В Китай Оскар фон Эшенбах, генерал-майор по званию, приехал в качестве военного атташе. Его речь была короткой, но исчерпывающей; он прекрасно понимал нужды публики, как и то, что повод предстоящего празднества ее мало интересовал. Бокалы зазвенели снова; залу начали готовить к аукциону.
— Джорджи, мой милый мальчик!
Почувствовав, что нужда в нем отпала, но не переставая улыбаться мелкими ровными зубами, Оскар резво двинулся к столу, за которым сидел его зять.

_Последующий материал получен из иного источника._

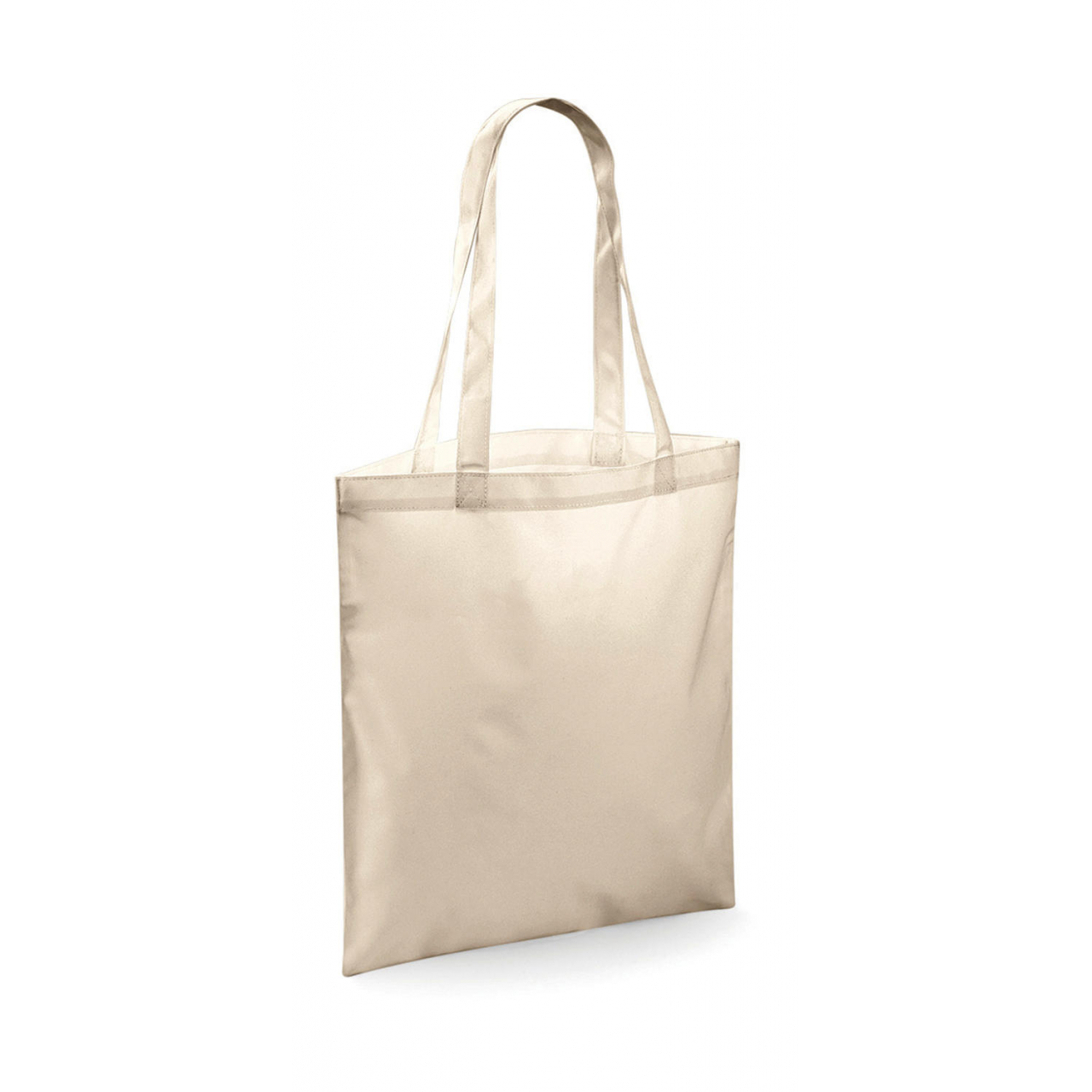 Taška nákupní Bag Base Sublimační shopper - béžová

Он звал его Джорджи, на английский манер, потому что так звала его и супруга; из ее уст, по крайней мере, это звучало трогательно.
— Папа!
— Керстин, душа моя, дай тебя обнять.
— Не знал, что вы поддадитесь на уговоры Элизабет, — усмехнулся Райнтхаллер.
— Она маленькая паршивка, но, стоит признать, весьма очаровательная, — неравнодушно произнес фон Эшенбах. — Впрочем, как идут твои дела?

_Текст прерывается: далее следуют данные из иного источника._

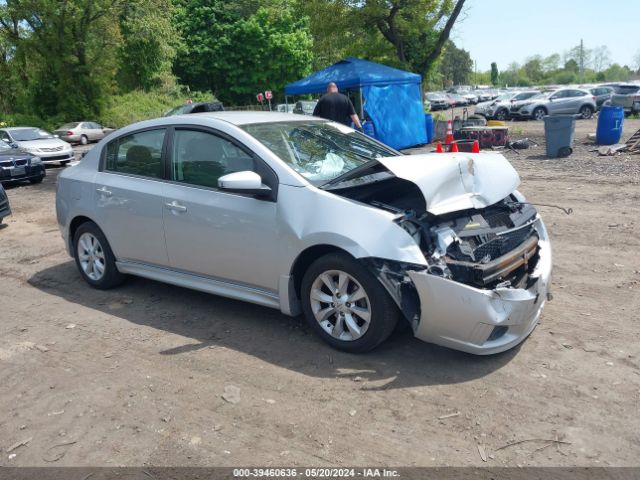 NISSAN SENTRA 2012 3n1ab6ap8cl715079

— Много болтают про банкротство Курта и Штойбена. Георгу это оказалось на руку, но только и всего. Правда, любимый?
Георг коротко кивнул.
— Это те двое, что держали сталепрокат в Гархинге?
— И еще паре пригородов, — подтвердил Георг.
— Эх Джорджи, Джорджи! Помню, твой дядя говорил, что табак принесет семье гораздо больше прибыли, но черта с два ты его послушал!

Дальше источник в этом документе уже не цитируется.